Identifying trends in leading causes of death among different demographic groups could give an indication of what factors might make a group of people more susceptible to some cause of death. This indication could in turn contribute to more effective efforts in alleviating those causes of death.
* Which causes of death are most prevalent each year? How has that changed over time?


Identifying trends in how leading causes of death have changed over time could help with understanding what efforts have most contributed to helping with those causes of death, and what areas need more attention or resources. This understanding could then help with replicating more positive trends and putting a stop to bad trends.


After cleaning the data, we plan to address these questions by grouping the data in an appropriate manner and filtering for what is pertinent. We also plan to make appropriate calculations to turn the data into a form that more directly addresses the questions that we pose and also format the data such that it’s digestible and analyzable.
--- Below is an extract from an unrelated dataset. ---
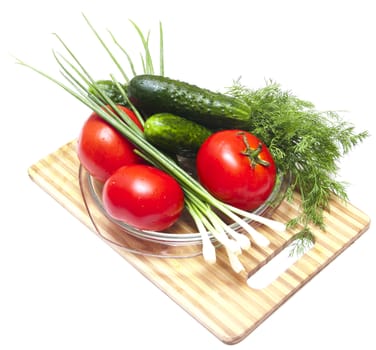 Cucumber, tomatoes and greens, close up on wooden board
After finding the statistics that we find are most appropriate to address the questions we have, we plan to find appropriate ways to visualize what we have. For example, we might want to have a bar chart to compare the demographics of homicide victims and perpetrators to show a direct comparison.


Possible Findings and Implications:

At this stage, we anticipate correlations between disadvantaged ethnicities and higher death rates and death numbers, because disadvantaged races like Hispanics and Black-Americans tend to have less access to the healthcare that they need. 

We also anticipate a difference between the leading causes of death between the sexes because the sexes also tend to suffer from different types of diseases, and might suffer at worse rates from the same disease. 

We also anticipate some causes of death to be more deadly than others, some to be more prevalent or widespread than others, but are unsure what to expect with regards to exactly which causes of death might fit in which category.

We also expect that there may be more homicides and assaults that were the leading cause of death in women than in men, especially amongst non-white ethnicities that have historically been linked to poverty and unequal economic opportunities such as Hispanics.

There may also be a large number of deaths for Asian and Pacific Islanders related to intentional self harm due to the stress derived from typical job occupations as well as cultural expectations.

Given how healthcare has evolved over the past decade, we expect to see some decrease in death rates over time although the decrease is likely to be minimal and possibly insignificant since access to healthcare has not improved significantly.